Uitspraak 201803889/1/R4


Volledige tekst

201803889/1/R4.
Datum uitspraak: 9 december 2020

AFDELING
BESTUURSRECHTSPRAAK

Uitspraak op het hoger beroep van:

ProRail B.V., gevestigd in Utrecht,

appellante,

tegen de uitspraak van de rechtbank Rotterdam van 26 maart 2018 in zaak nr. 16/7052 in het geding tussen:

ProRail

en

het college van burgemeester en wethouders van Dordrecht.

Procesverloop

Bij besluit van 12 september 2016, gewijzigd bij besluit, verzonden op 6 oktober 2017, heeft het college aan ProRail een revisievergunning verleend voor het wijzigen van het spoorwegemplacement aan de Burgemeester De Raadtsingel in Dordrecht.

Bij uitspraak van 26 maart 2018 heeft de rechtbank het door ProRail daartegen ingestelde beroep gegrond verklaard voor zover dat gericht is tegen vergunningvoorschrift 6.1.3a, het besluit van 12 september 2016 in zoverre vernietigd, het college opgedragen om een nieuw besluit te nemen met inachtneming van de uitspraak en het beroep voor het overige ongegrond verklaard. Deze uitspraak is aangehecht.

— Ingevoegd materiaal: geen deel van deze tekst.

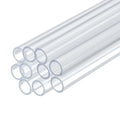 uxcell 10 Pcs Clear Plastic Rigid Tubing 4.5mm ID x 6mm OD, 0.5 Meters Length Round Polycarbonate Tubing for Aquarium Water Pipe, Water Cooling System, Plumbing - size: 4.5mm x 6mm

Tegen deze uitspraak heeft ProRail hoger beroep ingesteld.

Het college heeft een schriftelijke uiteenzetting gegeven.

ProRail heeft een nader stuk ingediend.

De Afdeling heeft de zaak ter zitting behandeld op 30 oktober 2020, waar ProRail, vertegenwoordigd door [gemachtigde A], [gemachtigde B] en [gemachtigde C], en het college, vertegenwoordigd door M.J.A. Verhees, zijn verschenen.

Overwegingen

Inleiding

1.    ProRail is beheerder van het spoorwegemplacement bij het station aan de Burgemeester De Raadtsingel in Dordrecht. Zij heeft aan het college een revisievergunning gevraagd voor het rangeren, het opstellen en de overstand van reizigers- en goederentreinen en onderhoudsmaterieel, voor het inwendig reinigen van reizigersmaterieel, het onderhoud van materieel, het verwarmen van wissels en het gebruik van bestrijdingsmiddelen op het spoorwegemplacement. Onder het spoorwegemplacement vallen de sporen bij en in de directe omgeving van het station. Het station zelf en de perrons behoren niet tot de inrichting. Bij besluit van 12 september 2016 heeft het college de gevraagde omgevingsvergunning op grond van artikel 2.1, eerste lid, aanhef en onder e, van de Wet algemene bepalingen omgevingsrecht (hierna: de Wabo) verleend. Dit besluit is gewijzigd bij het besluit dat is verzonden op 6 oktober 2017. Bij dat besluit heeft het college vergunningvoorschrift 1.6.1 gewijzigd.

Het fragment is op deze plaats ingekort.